Asked about the future of the pilot program, Wong pointed to an expansion of what the city calls a “Unified Care Team,” that involves workers making contact with people living on the streets, developing relationships, and encouraging them to move to shelters, which expedites cleaning up of encampments.
Other pressing needs
With the lack of police presence, community safety plans have called for the hiring of security guards—unarmed or armed—to patrol the neighborhood. Many businesses are trapped in multi-year leases while their insurance companies will no longer cover them, due to the ongoing multiple break-ins, smashing of windows, burglaries, and armed robberies that have become routine. Chow proposed at the meeting that the city underwrite insurance for CID businesses that could not get coverage.
“We need the city to pick up insurance for the businesses,” he said. The city also needs to help businesses take down the boards covering their storefronts, he said.
In his emailed responses, Wong did not exclude any possibility, although he was not responding to specific community complaints.
“At this meeting, we were asked about the temporary nature of the pilot program and how it could be made permanent. As such, there are elements of the mayor’s proposed budget that support these expressed priorities of the CID,” he said.
“The intent of this meeting was to listen and respond to community needs.”
Support for the mayor’s budget
Some community members came away with the impression that the city was asking them to show their support for the mayor’s budget in order for them to receive any support. Irigon said his takeaway was that the city was saying, “You won’t get any support for public safety unless you support our budget and increased funding for the SPD.”
Lau said, “They encouraged people to go to the city budget meeting.”
Others thought the primary purpose of the meeting was to encourage community members to attend the city council budget meeting in support of the budget. Still, longtime political observers say that, for the most part, the city council passes the mayor’s budget with relatively little change.
Wong said, “Public safety improvements in the Chinatown-International District are not reliant on public support for the mayor’s budget, but sustainable improvements do require adequate funding for the mayor’s priorities.”
Join the SPD
Officials also made a plea for community members to join the SPD. Some attendees were outraged and pointed to the lack of any Asian Americans in the command staff (Capt. Steve Hirjak recently sued the SPD for discrimination).
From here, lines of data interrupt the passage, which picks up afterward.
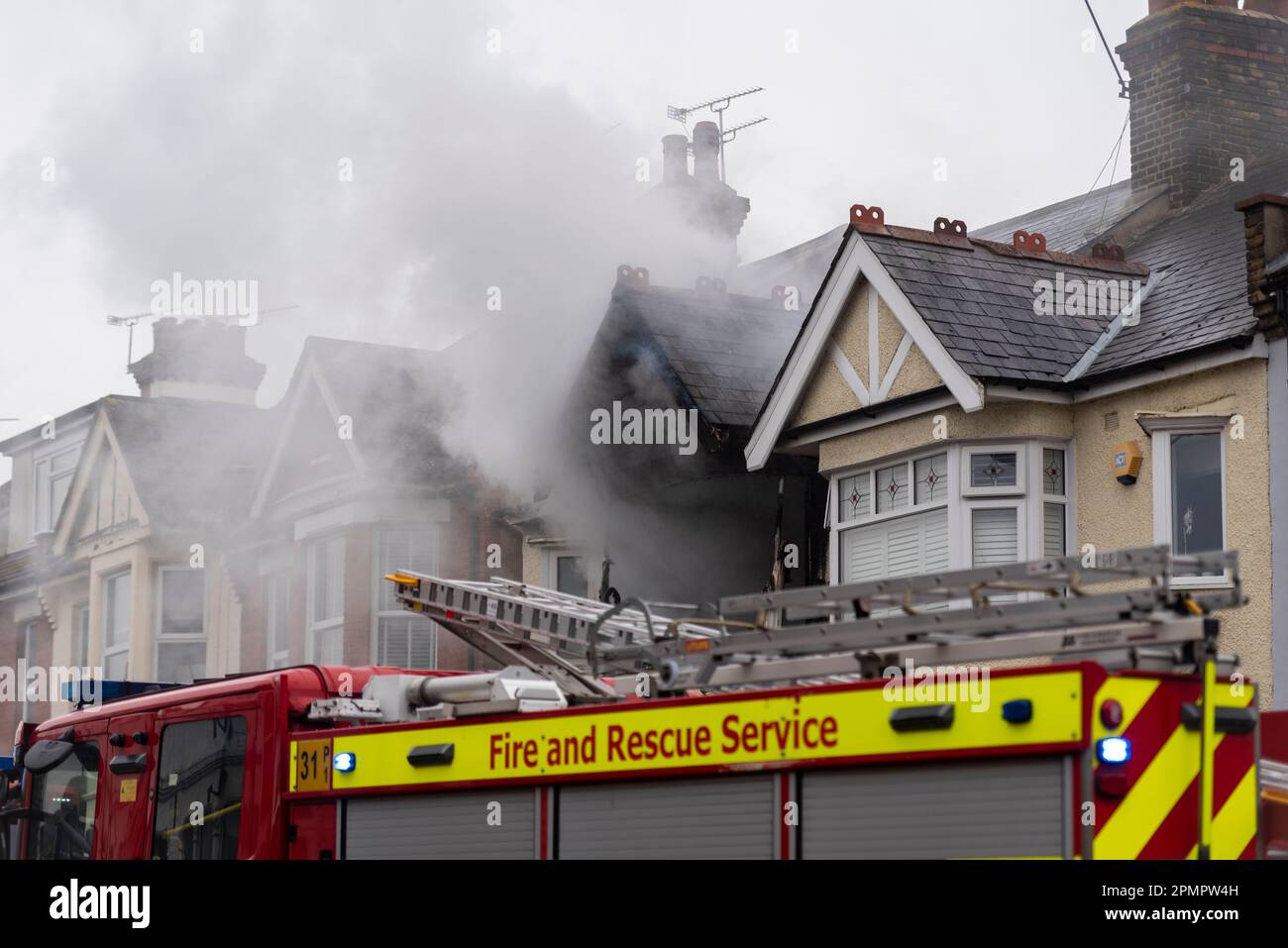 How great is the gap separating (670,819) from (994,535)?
7943mm

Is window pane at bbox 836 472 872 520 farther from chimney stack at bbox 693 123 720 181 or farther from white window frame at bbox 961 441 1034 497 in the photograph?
chimney stack at bbox 693 123 720 181

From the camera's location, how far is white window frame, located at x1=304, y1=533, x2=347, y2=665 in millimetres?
21516

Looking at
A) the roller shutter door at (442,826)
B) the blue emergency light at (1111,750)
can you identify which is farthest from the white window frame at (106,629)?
the blue emergency light at (1111,750)

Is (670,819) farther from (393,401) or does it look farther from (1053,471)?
(393,401)

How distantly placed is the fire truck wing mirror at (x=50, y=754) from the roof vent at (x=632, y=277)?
834 centimetres

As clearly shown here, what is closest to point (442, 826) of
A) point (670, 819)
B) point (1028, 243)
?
point (670, 819)

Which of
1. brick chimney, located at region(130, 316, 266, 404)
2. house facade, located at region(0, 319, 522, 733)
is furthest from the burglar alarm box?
brick chimney, located at region(130, 316, 266, 404)

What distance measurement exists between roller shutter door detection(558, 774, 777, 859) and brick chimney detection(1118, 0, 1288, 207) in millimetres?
13620

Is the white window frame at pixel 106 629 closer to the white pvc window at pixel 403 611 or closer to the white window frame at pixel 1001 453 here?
the white pvc window at pixel 403 611

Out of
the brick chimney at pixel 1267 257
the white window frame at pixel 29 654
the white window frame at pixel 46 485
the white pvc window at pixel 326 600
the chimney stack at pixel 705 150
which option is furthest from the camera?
the white window frame at pixel 46 485

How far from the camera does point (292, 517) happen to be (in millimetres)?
22516

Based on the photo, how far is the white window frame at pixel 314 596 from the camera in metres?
21.5
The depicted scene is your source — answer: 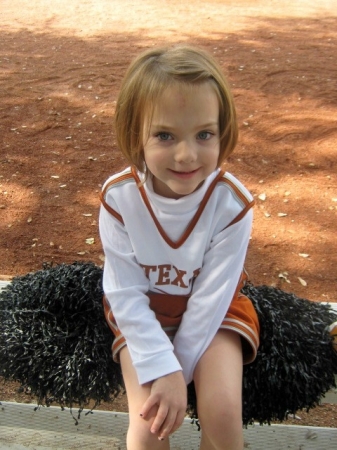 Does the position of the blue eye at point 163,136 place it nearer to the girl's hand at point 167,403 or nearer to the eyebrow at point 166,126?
the eyebrow at point 166,126

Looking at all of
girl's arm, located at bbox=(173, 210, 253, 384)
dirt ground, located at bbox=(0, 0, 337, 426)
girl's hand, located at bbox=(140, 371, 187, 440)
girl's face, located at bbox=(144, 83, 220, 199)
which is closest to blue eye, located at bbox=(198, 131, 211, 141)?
girl's face, located at bbox=(144, 83, 220, 199)

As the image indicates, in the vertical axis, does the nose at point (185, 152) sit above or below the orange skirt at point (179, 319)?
above

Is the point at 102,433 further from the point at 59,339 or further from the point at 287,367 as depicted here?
the point at 287,367

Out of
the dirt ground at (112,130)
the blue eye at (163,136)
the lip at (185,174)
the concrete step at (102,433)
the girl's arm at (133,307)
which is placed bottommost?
the concrete step at (102,433)

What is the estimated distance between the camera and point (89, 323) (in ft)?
6.35

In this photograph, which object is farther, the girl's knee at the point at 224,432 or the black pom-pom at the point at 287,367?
the black pom-pom at the point at 287,367

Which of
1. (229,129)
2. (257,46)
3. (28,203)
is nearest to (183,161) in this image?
(229,129)

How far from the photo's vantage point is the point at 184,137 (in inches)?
61.0

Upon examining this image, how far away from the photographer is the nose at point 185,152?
60.4 inches

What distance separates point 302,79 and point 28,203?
11.2 ft

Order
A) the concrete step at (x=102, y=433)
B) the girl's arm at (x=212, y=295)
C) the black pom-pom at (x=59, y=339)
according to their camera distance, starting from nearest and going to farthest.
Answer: the girl's arm at (x=212, y=295), the black pom-pom at (x=59, y=339), the concrete step at (x=102, y=433)

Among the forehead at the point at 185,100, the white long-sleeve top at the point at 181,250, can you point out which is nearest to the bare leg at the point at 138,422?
the white long-sleeve top at the point at 181,250

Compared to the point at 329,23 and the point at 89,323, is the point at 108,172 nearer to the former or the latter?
the point at 89,323

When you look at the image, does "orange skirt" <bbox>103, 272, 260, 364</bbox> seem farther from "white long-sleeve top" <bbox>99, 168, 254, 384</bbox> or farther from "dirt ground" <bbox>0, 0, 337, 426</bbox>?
"dirt ground" <bbox>0, 0, 337, 426</bbox> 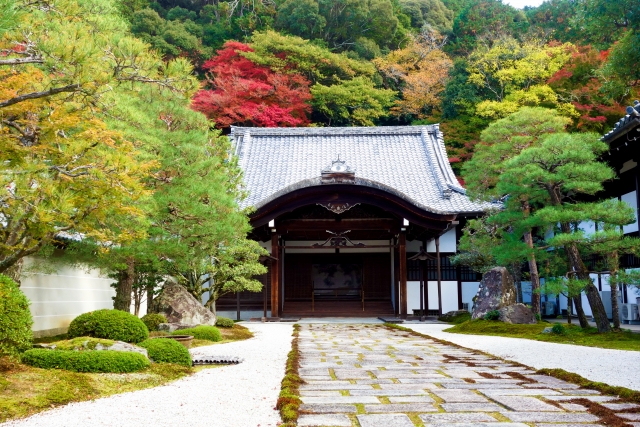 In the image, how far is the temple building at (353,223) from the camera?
1744cm

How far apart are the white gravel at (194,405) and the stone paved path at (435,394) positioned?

“Residents across the city are encouraged to apply to join the police service—something we highlight at meetings across the city. Mayor Harrell believes the SPD should reflect the diversity of our city with a commitment to community policing. Having officers who are from our communities and know our communities will only enhance their ability to serve the community,” said Wong.
Many who attended the meeting were cautiously optimistic about future engagement.
“You’ve got to give people the benefit of the doubt, otherwise you’re not going to work together,” said Connie So, president of OCA Asian Pacific Advocates of Greater Seattle and a teaching professor in American Ethnic Studies at the University of Washington. “But you also have to call them out and people don’t always do that.”
At a recent King County Council budget hearing, community organizer and CID Public Safety Council member Gary Lee shared a map showing the 18 shelters in the vicinity of the CID.
Lee said he shared this information during the meeting with Harrell and Wong and explained the concentration of shelters was due to hazy zoning requirements.
The officials promised to follow up with him, and he sent them an email asking for a meeting.